On a related note, there also needs to be some level of should I call it “Cultural awareness training with Christ” because religion has always blurred the lines with secular culture. We need to understand how religion and Christianity in this case have been complicit in oppression. I’m not saying this as something to get defensive about, but it is important because we need to figure out a way to move forward and do retributive justice.

Secondly, I would love to see alternative modes of worship and community crop up in the future and more so in the Nigerian and broader African context. I’ve had to do a lot of digging to access the resources I’ve found and used to support my journey in faith. I also think more conversation and interaction with the Nigerian Christian community and academic theologians would be wonderful. There are so many people doing great work and who have helped in the deconstructionist conversation like feminist theologians, queer theologians, people of colour across the world and others from marginalised groups who are reading from a completely different lens and give so much context and specificity.

TIRENI: This is a stacked wish list with some great insights. Ok, last question. What resources would you recommend to any readers looking to learn more about deconstructionist Christianity? I know you said earlier that sometimes it can be difficult to find good sources.
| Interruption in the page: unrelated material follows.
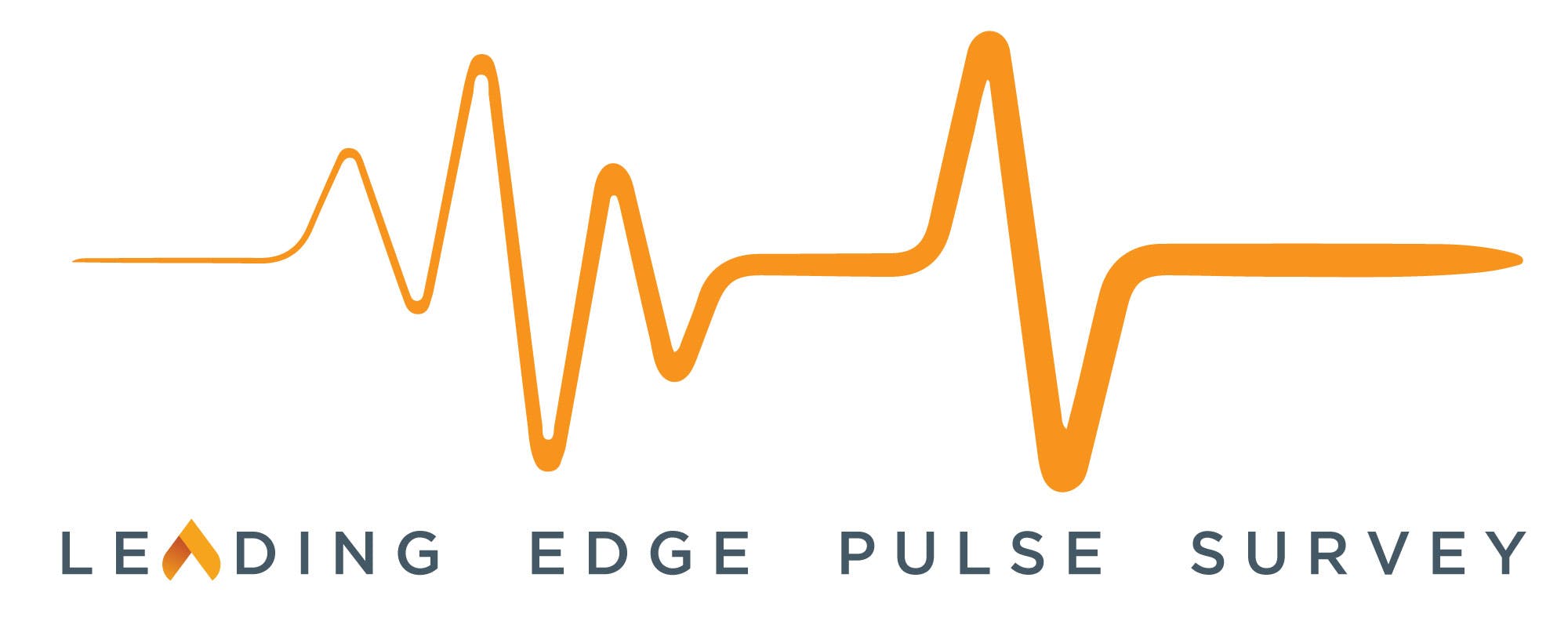 Logo: Leading Edge Pulse Survey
EKO: There are so many amazing books and podcasts I would recommend. Here’s a shortlist: 




  • “Ancient Laws and Contemporary Controversies” by Cheryl Anderson.
  • “A History of Christianity in Africa: From Antiquity to Present” by Elizabeth Isichie 
  • “Unprotected Text: The Bible’s Surprising Contradictions About Sex and Desire” by Jennifer Wright 
  • “Passionate and Pious: Religious Media and Black Women’s Sexuality” by Monique Moultrie 
  • “Liberating Black Theology: The Bible and the Black Experience in America” by Anthony Bradley
  • “God of the Oppressed” by James H. Cone

These are some really cool resources, so I hope you enjoy them!